Looks good that unit quickdraw..


----------



## sawyerDave (Dec 10, 2007)

*There is one made for skidloaders*

I think it might be called a tree terminator or some such similar. Worksaver makes a shear that goes up to 8", and there is a thread that has a picture of a homemade one over at tractorbynet.com. I have also seen a triangular piece of steel with teeth cut on both sides, that cuts trees down by simply pushing the blade into the tree at ground level, with the skidloader, just like you would do with a handsaw, only bigger and thicker blade. Search around, and you will find what you are looking for.


----------



## sharkfin12us (Dec 11, 2007)

*skid steer saw telescopic saws*

I had this saved on my computer it is saw and telescopic for skid steer.
http://www.abcgroff.com/ic/sheye1.htm#1

Maybe you might be interested in tree shear attachment
http://www.treeterminator.com/grande.htm


----------



## LNG24 (Dec 12, 2007)

I saw one of those Tree Shears at work in an Apple Orchard. IT WAS NOT SLOW. The guy was flwying through the Orchard. Since the orchard is planted in rows, he simply cut (he had that grapple above) lifted and placed in the path to his right.

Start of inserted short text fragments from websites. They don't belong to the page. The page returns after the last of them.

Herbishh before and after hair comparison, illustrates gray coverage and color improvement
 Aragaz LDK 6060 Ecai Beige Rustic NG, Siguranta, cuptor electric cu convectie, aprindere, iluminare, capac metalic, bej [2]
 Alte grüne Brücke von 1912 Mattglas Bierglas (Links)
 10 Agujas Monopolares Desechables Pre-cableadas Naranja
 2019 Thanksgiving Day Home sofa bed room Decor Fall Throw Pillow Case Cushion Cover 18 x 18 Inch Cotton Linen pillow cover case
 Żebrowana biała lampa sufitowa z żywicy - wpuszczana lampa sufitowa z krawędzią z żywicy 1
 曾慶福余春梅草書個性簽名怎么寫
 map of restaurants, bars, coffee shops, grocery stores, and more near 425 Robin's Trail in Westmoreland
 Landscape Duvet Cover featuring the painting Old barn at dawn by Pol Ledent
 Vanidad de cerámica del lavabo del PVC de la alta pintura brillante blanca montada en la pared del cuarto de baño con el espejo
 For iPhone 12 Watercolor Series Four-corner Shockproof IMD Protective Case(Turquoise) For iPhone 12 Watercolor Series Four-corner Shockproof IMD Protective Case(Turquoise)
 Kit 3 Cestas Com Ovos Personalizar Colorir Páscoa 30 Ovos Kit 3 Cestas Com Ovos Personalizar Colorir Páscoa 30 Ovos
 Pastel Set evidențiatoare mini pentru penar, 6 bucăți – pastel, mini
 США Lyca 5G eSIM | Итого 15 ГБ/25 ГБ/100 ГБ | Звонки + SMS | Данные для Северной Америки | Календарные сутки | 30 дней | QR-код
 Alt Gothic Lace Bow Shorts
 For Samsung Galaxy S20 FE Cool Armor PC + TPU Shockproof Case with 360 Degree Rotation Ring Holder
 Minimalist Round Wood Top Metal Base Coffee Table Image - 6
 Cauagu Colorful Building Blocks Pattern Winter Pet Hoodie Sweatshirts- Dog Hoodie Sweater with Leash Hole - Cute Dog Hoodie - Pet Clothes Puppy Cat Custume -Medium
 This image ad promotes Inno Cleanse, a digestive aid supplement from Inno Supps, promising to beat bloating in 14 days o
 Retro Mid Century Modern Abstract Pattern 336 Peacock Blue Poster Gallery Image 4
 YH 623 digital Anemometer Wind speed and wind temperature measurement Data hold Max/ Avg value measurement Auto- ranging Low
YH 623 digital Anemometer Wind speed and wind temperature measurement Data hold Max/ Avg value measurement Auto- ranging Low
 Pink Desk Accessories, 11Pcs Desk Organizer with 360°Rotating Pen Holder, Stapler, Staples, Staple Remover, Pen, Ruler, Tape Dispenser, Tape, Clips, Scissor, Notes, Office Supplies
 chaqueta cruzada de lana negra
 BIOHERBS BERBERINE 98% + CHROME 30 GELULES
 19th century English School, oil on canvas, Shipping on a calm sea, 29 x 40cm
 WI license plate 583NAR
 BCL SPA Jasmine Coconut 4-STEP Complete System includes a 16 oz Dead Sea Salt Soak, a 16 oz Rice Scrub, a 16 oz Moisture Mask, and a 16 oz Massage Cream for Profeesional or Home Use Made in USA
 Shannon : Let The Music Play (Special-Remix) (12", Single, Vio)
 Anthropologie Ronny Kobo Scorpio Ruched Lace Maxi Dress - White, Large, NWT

An excavator followd up behind ripping out the stumps and consolidating the piles. Another machine came in behind him and took these piles to the tub grinder.


----------



## joesawer (Dec 17, 2007)

The shear should be faster than a hydraulic chain saw.


----------



## Randy88 (Jan 3, 2008)

I'm also looking for a saw of some sort not only to take down but more importantly to trim up and cut firewood logs out of trees instead of using a chainsaw, I'm also a land clearing contractor and my crew is tired of using a chainsaw to buck up everything and it takes too long. I need one durable and fast capable of handling wood up to 24 inches and tilt 180 degrees either a chainsaw or buzzsaw blade style like a felling head uses but without all the clamping systems. The shears are slow in large wood and none are capable of doing hardwood over 10 inches and thats primarily what I do is hardwood and usually over ten inches. Any ideas or where to search out components durable enough to take it day in and day out yet capable of revamping to work on a skidsteer. We've been looking at making a mount for a felling saw cut off disk assembly to mounting it onto a rotator and putting it on a skidsteer plate to hook up but its looking wickedly dangerous, is there something out there I'm missing and haven't found that'll work instead???


----------



## Twigg (Jan 6, 2008)

*marshall tree saw?*

Have any of you ever used the marshall tree saw that is an attachment for the front of a skid steer. It runs off the standard flow hydralic systems. It works very well.


----------



## STLfirewood (Jan 6, 2008)

This is from one of the websites posted but the picture wasn't posted. It's a rotary saw.

http://www.treeterminator.com/rotary_saw.htm


----------



## LNG24 (Jan 7, 2008)

I still wonder about these saws. If the tree is heavy on your side (and your not going to see this inside of a cab) it will fall onto the cab. I saw the other saw had a provision for this. A V above the cutter to force it to fall to the side away from the cab so it must happen.

The shear is still the fastest from what I can see in the videos. And you can lift and move them with the shear.


----------



## JohnH (Jan 7, 2008)

I Know Rayns makes a 15" saw head for skidsteers And Dymax makes a 14" saw head


----------